Quinn: I think there is a relationship there. When we talk about calling and vocation, if we’re looking at Scripture and the language of calling in Scripture, most of the time we see that… the language of calling is a general call into the body of Christ — being part of the body of Christ itself. So we think of that as a general call.

But at the same time when we think about vocation and the way it’s embedded in our culture, vocation oftentimes equals our place of employment. But vocation is actually a bigger term than that.

Work is the hand that animates the glove of our vocations.

I think we can define things this way. Think about work as what creatures do with creation. Now the artist is doing some really cool stuff with creation and may not be making a dime for it, but nevertheless he or she is doing work in that process. How does that link with vocation? It seems to me that vocation is the way in which we make ourselves useful to other people. So… work is the hand that animates the glove of our vocations. And I said vocations intentionally, because there seems to be multiple vocations for us.

This is where I think the Lutheran tradition helps us. Because the Lutheran tradition identifies at least four callings of vocations we have — places where we’re useful to other people. One is at home, family life in particular. Another is church life. Another is community or neighborhood, where you live. There are people around you that you have the opportunity to serve and be useful towards and to work for and help them. And finally your place of employment.

Our work is valuable insofar as we’re doing it in a way that loves God and loves others.

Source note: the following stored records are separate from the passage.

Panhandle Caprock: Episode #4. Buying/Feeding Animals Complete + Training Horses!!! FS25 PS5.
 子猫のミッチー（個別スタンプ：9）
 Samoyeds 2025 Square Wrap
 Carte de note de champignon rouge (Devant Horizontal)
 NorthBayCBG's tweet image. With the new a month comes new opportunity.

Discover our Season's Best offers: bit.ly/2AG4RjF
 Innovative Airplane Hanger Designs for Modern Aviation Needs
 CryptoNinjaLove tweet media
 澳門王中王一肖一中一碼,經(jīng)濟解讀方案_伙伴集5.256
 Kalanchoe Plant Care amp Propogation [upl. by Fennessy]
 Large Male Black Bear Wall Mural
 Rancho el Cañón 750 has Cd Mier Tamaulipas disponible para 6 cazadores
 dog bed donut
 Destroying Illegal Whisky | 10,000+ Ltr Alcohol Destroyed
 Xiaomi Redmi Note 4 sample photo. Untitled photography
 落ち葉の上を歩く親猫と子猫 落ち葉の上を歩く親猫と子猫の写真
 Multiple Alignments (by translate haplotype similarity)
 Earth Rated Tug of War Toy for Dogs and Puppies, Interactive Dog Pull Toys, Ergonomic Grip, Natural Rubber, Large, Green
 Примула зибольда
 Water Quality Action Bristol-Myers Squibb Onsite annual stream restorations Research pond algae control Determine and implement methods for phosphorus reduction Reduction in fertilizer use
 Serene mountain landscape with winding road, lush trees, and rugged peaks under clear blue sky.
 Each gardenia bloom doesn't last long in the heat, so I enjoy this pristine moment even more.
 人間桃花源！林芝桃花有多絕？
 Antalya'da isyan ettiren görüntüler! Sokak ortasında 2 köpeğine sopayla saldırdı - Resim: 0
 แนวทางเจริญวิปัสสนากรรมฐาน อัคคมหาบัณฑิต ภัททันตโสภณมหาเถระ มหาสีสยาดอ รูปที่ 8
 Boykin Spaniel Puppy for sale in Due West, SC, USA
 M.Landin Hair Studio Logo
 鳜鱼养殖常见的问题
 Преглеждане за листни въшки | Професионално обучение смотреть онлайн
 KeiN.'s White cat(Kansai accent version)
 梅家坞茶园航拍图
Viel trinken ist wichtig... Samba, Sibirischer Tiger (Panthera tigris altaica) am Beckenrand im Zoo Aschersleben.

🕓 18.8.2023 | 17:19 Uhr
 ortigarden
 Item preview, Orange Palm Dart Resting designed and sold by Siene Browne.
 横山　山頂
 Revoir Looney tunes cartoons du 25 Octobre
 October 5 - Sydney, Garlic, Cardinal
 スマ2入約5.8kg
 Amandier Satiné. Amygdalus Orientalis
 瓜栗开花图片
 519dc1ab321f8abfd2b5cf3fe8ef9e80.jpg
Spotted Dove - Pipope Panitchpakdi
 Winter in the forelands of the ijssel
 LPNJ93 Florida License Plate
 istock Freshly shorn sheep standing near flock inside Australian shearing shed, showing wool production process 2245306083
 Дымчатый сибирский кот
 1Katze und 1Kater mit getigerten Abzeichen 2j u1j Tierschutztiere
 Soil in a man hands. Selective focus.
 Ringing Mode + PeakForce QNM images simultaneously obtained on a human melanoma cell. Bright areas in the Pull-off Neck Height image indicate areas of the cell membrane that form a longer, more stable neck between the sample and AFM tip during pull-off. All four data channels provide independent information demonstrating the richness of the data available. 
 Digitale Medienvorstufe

And the way then we’re able to connect these dots is recognizing first and foremost that our work is valuable insofar as we’re doing it in a way that loves God and loves others, and seeks to heal broken relationships in God’s world. And when we’re doing that, we’re able to put those vocations — even the ones we’re not necessarily paid for, but certainly the ones we are paid for — to work in a meaningful way that actually matters for the kingdom.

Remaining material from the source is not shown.